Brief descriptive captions

::::

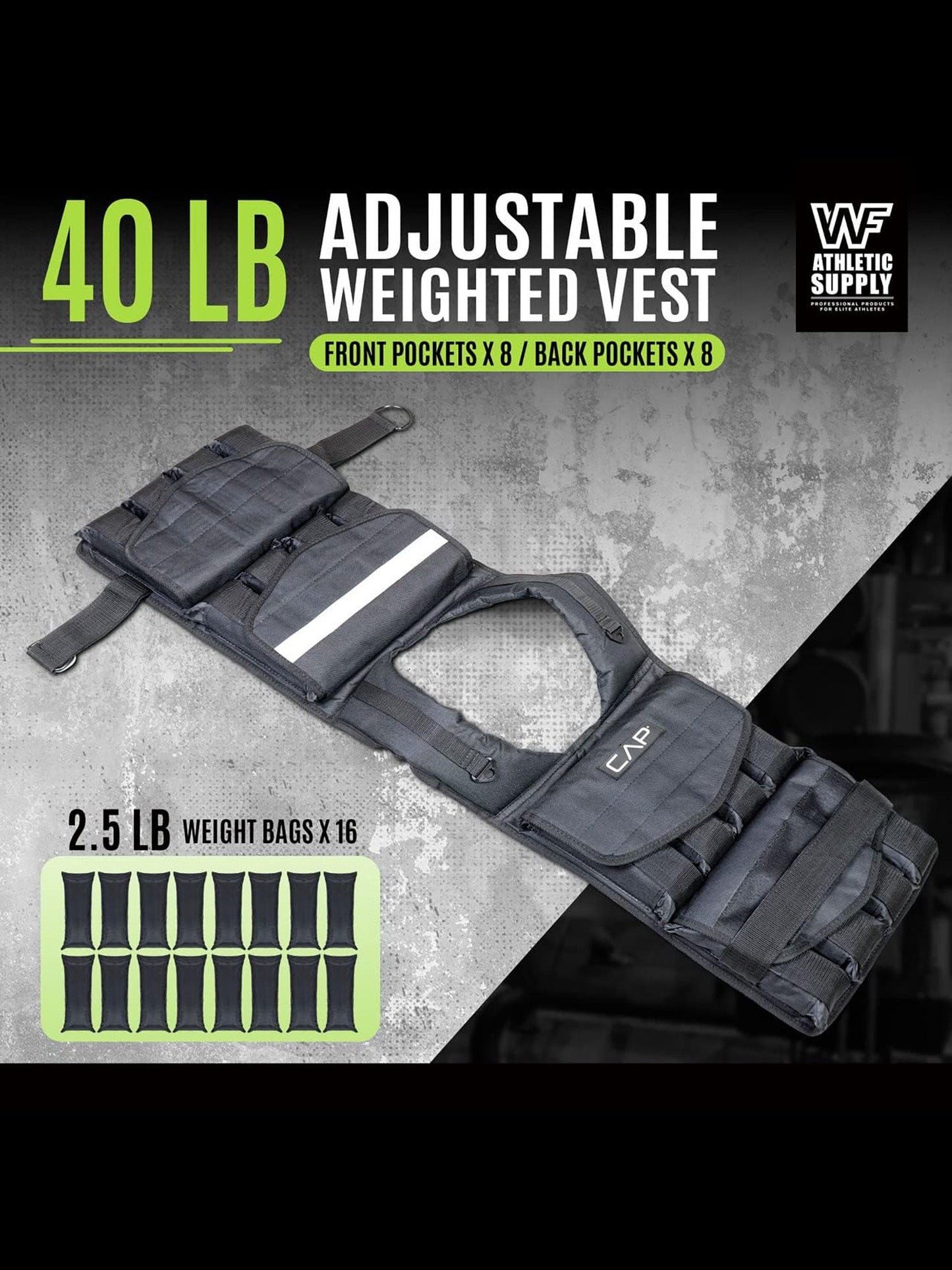 Weighted Vest 40 LB Adjustable for Strength Training Workout & Running – Removable Weight Packets, Reinforced Nylon, Reflective Stripes, Padded Straps, Body Weight Vest for Men and Women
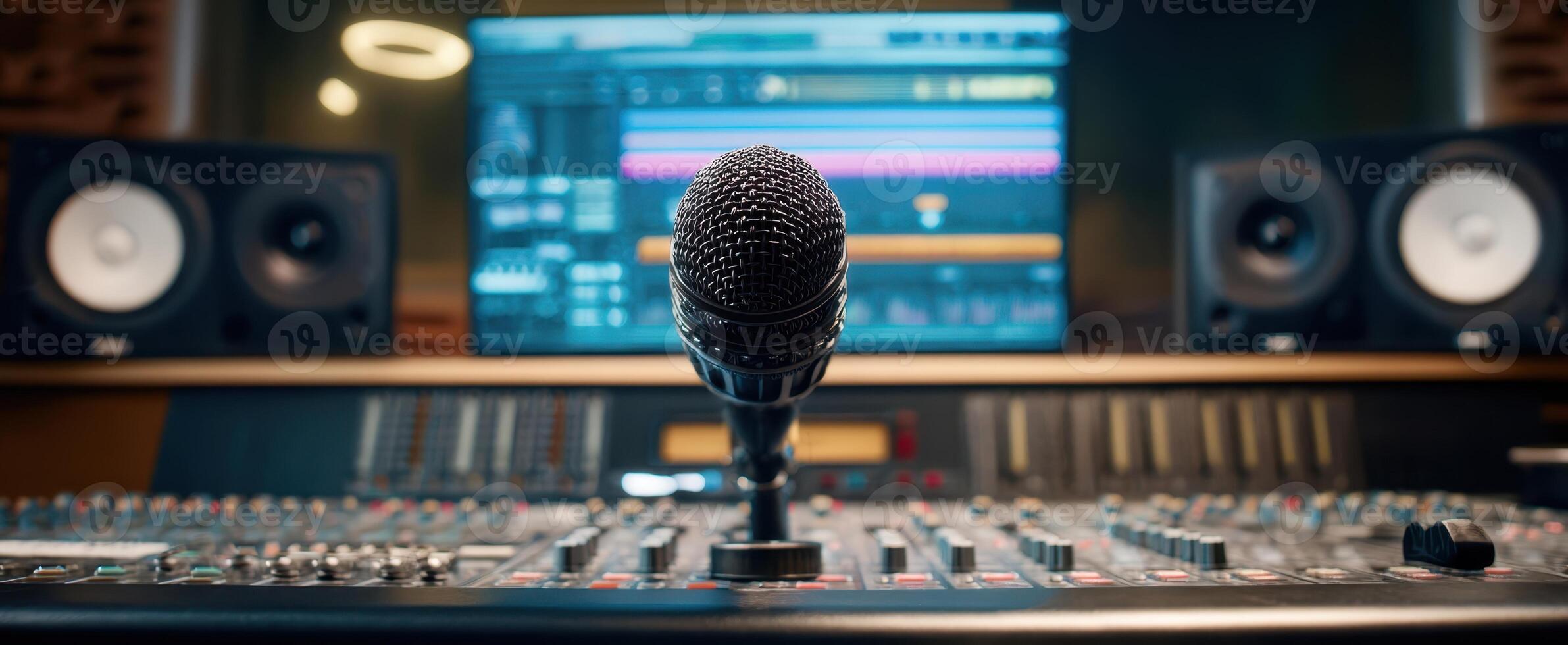 The microphone in a modern recording studio surrounded by audio equipment and monitors. photo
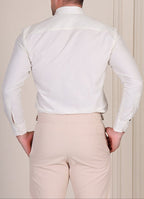 Old Money Powder White One Piece Collar Shirt by | The Royal Collar™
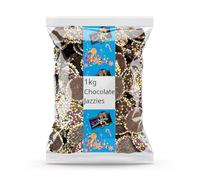Krazy Kandi 1kg Chocolate Jazzies Bulk Bag, Smooth Milk Buttons with Rainbow Sprinkles | Traditional Retro Sweet Shop Favourites | Large Sharing Bag for Parties and Gifting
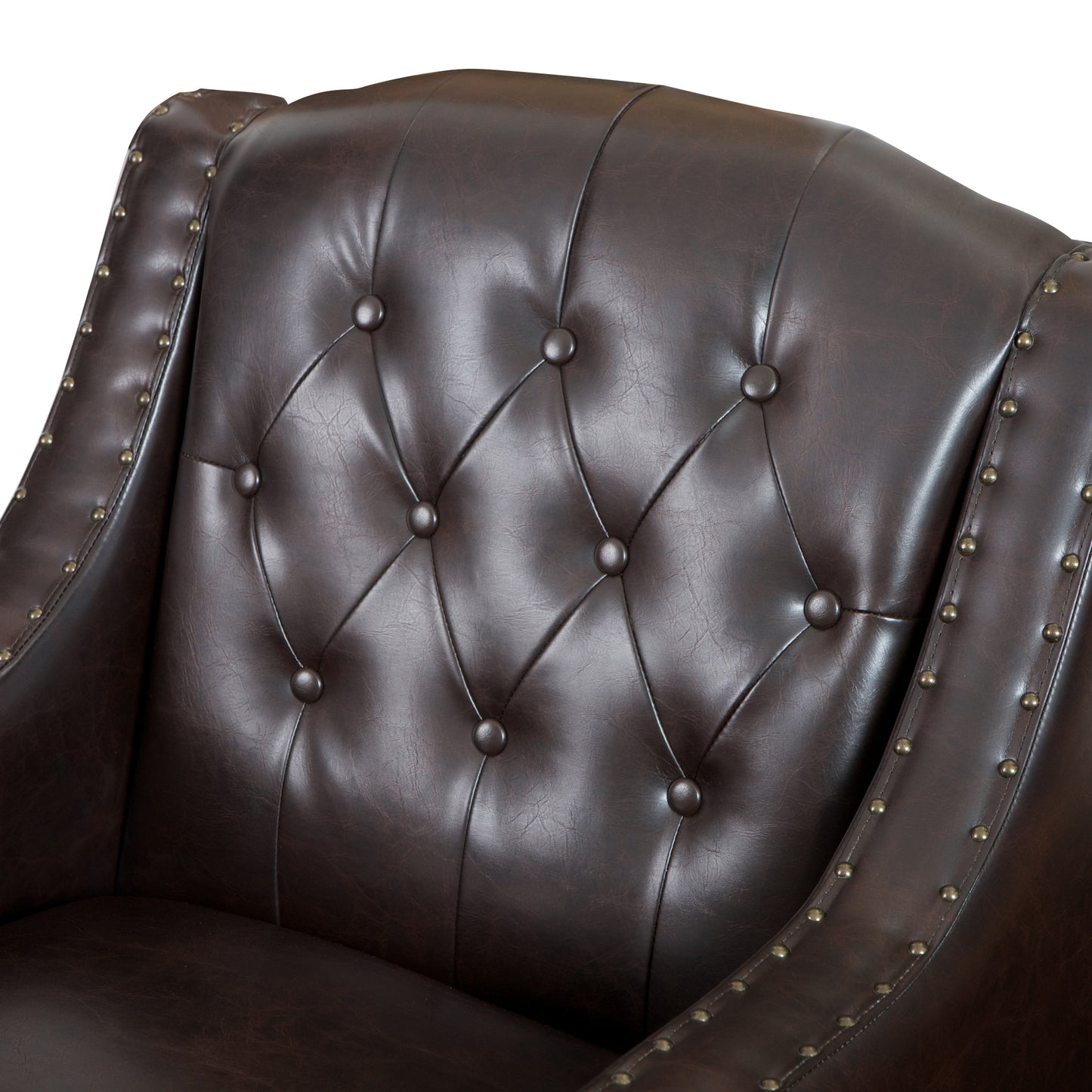 Coogee Bonded Leather Armchair & Ottoman in Brown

::::

[Task item] Output a verbatim copy of all entries above; no pictures go in it.

[Written answer]
 Weighted Vest 40 LB Adjustable for Strength Training Workout & Running – Removable Weight Packets, Reinforced Nylon, Reflective Stripes, Padded Straps, Body Weight Vest for Men and Women
 The microphone in a modern recording studio surrounded by audio equipment and monitors. photo
 Old Money Powder White One Piece Collar Shirt by | The Royal Collar™
Krazy Kandi 1kg Chocolate Jazzies Bulk Bag, Smooth Milk Buttons with Rainbow Sprinkles | Traditional Retro Sweet Shop Favourites | Large Sharing Bag for Parties and Gifting
 Coogee Bonded Leather Armchair & Ottoman in Brown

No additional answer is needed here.